AMD Makes A Compelling Case For Budget-Friendly Ryzen Dedicated Servers

Written by Michael Larabel in Processors on 18 March 2022 at 09:00 AM EDT. Page 4 of 17. 40 Comments.


Thanks to ServeTheWorld for providing the remote access for this round of benchmarking. (Picture courtesy of ServeTheWorld from their Oslo data center.)

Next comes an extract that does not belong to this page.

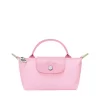 Longchamp Le Pliage Green Pochette -Boutique-Taschenladen Longchamp Le Pliage Green Pochette 34175919P75 pink 1 600x600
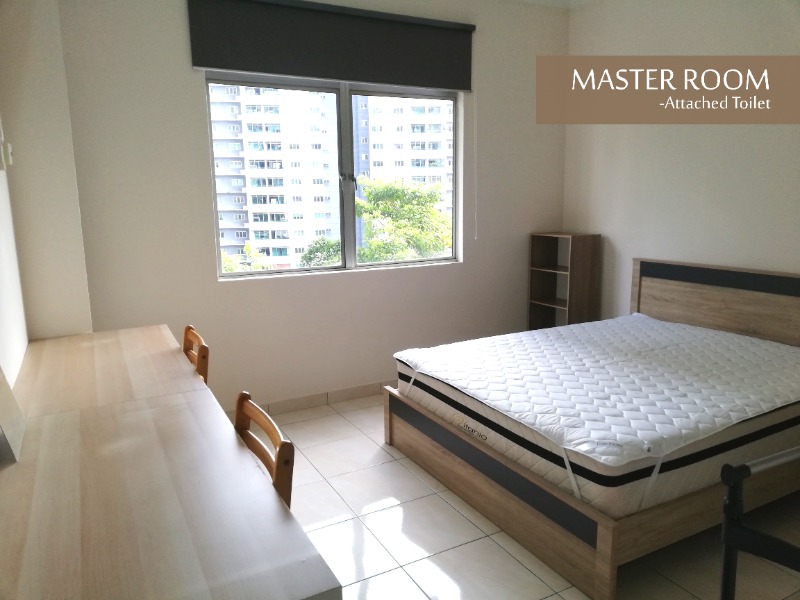 room for rent, master room, bukit oug, LRT Convenient Master Room @ Bukit OUG Condominium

For the Linux benchmarking I carried out remotely (unfortunately having no Xeon E-2300 series hardware locally) in evaluating Xeon E vs. Ryzen performance, the tested processors included:

2nd Gen AMD “Matisse” Zen 2
- Ryzen 5 Pro 3600 (6C, 65W)
- Ryzen 7 Pro 3700 (8C, 65W)
- Ryzen 9 Pro 3900 (12C, 65W)
- Ryzen 5 3600X (6C, 105W)
- Ryzen 7 3800X (8C, 105W)
- Ryzen 9 3900X (12C, 105W)
- Ryzen 9 3950X (16C, 105W)

3rd Gen AMD “Vermeer” Zen 3
- Ryzen 5 5600X (6C, 65W)
- Ryzen 7 5800X (8C, 105W)
- Ryzen 9 5900X (12C, 105W)
- Ryzen 9 5950X (16C, 105W)

2nd Gen Intel “Coffee Lake”
- Xeon E-2278G (8C, 80W)
- Xeon E-2288G (8C, 95W)

3rd Gen Intel “Rocket Lake E”
- Xeon E-2386G (6C, 95W)
- Xeon E-2388G (8C, 95W)

The Ryzen server processors were all tested in an ASRockRack X570D4U-2L2T platform while the Xeon E processors were using the ASRock Rack E3C246DI-NL. All of the servers had 128GB (4 x 32GB DDR4-3200) ECC memory, Samsung NVMe SSD storage, and configured/tested in their ServeTheWorld data center. The selection of processors tested were based on what they had currently available and with supply constraints a limited selection of Xeon E-2300 series processors but at least having the flagship Xeon E-2388G and the flagship prior-generation Xeon E-2288G.


Picture courtesy of ServeTheWorld from their Oslo data center.

Alma Linux 8.5 was used for all of this benchmarking with the Linux 4.18 kernel, given the increasing popularity of Alma Linux as an alternative/successor to CentOS 8, and already becoming popular in the data center.